**The problem**
Once the line containing "Berringer Eq700 Guitar Pedal" is found in the entries below, restate it and each following line word for word, stopping after the line containing "Secador de cabelo".

[[ Raw data open ]]

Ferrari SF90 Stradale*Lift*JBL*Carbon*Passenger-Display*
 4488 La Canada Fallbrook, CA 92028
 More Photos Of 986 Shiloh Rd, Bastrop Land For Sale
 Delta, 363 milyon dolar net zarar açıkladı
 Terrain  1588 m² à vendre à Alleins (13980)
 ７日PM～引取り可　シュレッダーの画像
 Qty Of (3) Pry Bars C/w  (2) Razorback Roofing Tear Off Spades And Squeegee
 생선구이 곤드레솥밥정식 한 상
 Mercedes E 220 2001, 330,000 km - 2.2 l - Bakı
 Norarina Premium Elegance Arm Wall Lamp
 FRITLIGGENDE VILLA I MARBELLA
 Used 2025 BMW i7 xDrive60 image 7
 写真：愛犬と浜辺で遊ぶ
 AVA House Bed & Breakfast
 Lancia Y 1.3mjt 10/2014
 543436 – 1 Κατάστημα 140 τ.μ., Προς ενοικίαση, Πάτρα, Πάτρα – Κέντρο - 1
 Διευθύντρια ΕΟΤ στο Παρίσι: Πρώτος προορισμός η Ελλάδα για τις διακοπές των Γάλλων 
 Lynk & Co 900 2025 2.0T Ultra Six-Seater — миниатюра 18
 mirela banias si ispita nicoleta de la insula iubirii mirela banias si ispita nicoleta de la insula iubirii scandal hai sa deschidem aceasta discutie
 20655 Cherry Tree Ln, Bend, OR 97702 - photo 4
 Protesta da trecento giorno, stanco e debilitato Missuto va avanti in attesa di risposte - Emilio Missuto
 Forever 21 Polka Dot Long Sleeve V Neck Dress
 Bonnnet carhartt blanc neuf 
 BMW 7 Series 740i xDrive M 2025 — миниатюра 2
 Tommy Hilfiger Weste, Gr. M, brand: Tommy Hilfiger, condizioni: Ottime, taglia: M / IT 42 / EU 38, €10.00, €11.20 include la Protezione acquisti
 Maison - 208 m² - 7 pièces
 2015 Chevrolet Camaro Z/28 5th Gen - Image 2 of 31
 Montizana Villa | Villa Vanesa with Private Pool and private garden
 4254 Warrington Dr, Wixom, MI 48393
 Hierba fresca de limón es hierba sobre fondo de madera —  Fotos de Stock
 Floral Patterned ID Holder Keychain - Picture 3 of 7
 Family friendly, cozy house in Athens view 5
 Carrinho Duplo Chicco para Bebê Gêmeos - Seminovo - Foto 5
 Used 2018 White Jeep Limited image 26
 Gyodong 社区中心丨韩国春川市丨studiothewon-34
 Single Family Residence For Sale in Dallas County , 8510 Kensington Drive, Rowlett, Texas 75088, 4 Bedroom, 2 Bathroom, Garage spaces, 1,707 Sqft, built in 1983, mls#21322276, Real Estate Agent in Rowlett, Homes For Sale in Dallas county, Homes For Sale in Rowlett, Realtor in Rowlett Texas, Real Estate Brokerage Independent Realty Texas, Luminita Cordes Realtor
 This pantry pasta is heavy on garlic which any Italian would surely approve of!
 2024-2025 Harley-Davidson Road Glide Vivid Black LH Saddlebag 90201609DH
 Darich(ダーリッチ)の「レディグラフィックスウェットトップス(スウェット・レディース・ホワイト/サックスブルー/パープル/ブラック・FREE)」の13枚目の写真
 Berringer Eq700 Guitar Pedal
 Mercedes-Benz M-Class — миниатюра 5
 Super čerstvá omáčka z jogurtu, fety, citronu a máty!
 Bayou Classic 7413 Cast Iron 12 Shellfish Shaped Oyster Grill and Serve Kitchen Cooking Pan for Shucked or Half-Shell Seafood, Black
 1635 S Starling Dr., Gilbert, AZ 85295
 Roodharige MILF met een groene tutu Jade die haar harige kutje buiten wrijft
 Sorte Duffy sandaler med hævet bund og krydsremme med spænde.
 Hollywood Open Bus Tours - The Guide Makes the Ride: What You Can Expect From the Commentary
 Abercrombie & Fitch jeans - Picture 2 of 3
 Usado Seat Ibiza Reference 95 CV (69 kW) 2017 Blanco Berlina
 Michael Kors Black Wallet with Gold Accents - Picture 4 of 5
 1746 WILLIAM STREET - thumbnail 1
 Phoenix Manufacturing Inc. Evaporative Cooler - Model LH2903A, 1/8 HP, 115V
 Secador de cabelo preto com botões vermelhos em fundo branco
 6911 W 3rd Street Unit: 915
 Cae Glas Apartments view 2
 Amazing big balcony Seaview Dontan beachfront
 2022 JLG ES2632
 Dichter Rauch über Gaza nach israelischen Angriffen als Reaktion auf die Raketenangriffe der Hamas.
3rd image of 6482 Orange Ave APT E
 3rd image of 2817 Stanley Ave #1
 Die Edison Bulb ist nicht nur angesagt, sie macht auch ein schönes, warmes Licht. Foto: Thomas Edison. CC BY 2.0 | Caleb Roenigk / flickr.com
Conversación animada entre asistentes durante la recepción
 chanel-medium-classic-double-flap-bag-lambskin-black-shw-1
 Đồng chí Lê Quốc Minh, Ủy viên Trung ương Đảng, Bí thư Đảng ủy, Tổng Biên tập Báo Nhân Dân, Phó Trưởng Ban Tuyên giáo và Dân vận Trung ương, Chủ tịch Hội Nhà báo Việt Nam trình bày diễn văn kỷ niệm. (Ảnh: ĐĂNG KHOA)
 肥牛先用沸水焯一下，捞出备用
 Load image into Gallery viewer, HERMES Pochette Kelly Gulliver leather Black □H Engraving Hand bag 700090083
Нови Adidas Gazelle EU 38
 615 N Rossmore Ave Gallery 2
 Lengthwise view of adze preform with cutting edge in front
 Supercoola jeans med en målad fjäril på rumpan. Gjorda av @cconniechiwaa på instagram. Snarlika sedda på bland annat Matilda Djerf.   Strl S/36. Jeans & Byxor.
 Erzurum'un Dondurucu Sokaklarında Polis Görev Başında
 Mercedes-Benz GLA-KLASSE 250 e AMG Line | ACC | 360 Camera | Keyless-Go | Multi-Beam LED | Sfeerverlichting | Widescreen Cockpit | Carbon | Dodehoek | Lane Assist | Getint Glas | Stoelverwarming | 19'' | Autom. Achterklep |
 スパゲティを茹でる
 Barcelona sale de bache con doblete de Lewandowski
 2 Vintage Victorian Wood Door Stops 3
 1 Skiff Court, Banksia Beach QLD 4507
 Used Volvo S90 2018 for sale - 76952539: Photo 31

[[ Raw data closed ]]

**Worked solution**
 Berringer Eq700 Guitar Pedal
 Mercedes-Benz M-Class — миниатюра 5
 Super čerstvá omáčka z jogurtu, fety, citronu a máty!
 Bayou Classic 7413 Cast Iron 12 Shellfish Shaped Oyster Grill and Serve Kitchen Cooking Pan for Shucked or Half-Shell Seafood, Black
 1635 S Starling Dr., Gilbert, AZ 85295
 Roodharige MILF met een groene tutu Jade die haar harige kutje buiten wrijft
 Sorte Duffy sandaler med hævet bund og krydsremme med spænde.
 Hollywood Open Bus Tours - The Guide Makes the Ride: What You Can Expect From the Commentary
 Abercrombie & Fitch jeans - Picture 2 of 3
 Usado Seat Ibiza Reference 95 CV (69 kW) 2017 Blanco Berlina
 Michael Kors Black Wallet with Gold Accents - Picture 4 of 5
 1746 WILLIAM STREET - thumbnail 1
 Phoenix Manufacturing Inc. Evaporative Cooler - Model LH2903A, 1/8 HP, 115V
 Secador de cabelo preto com botões vermelhos em fundo branco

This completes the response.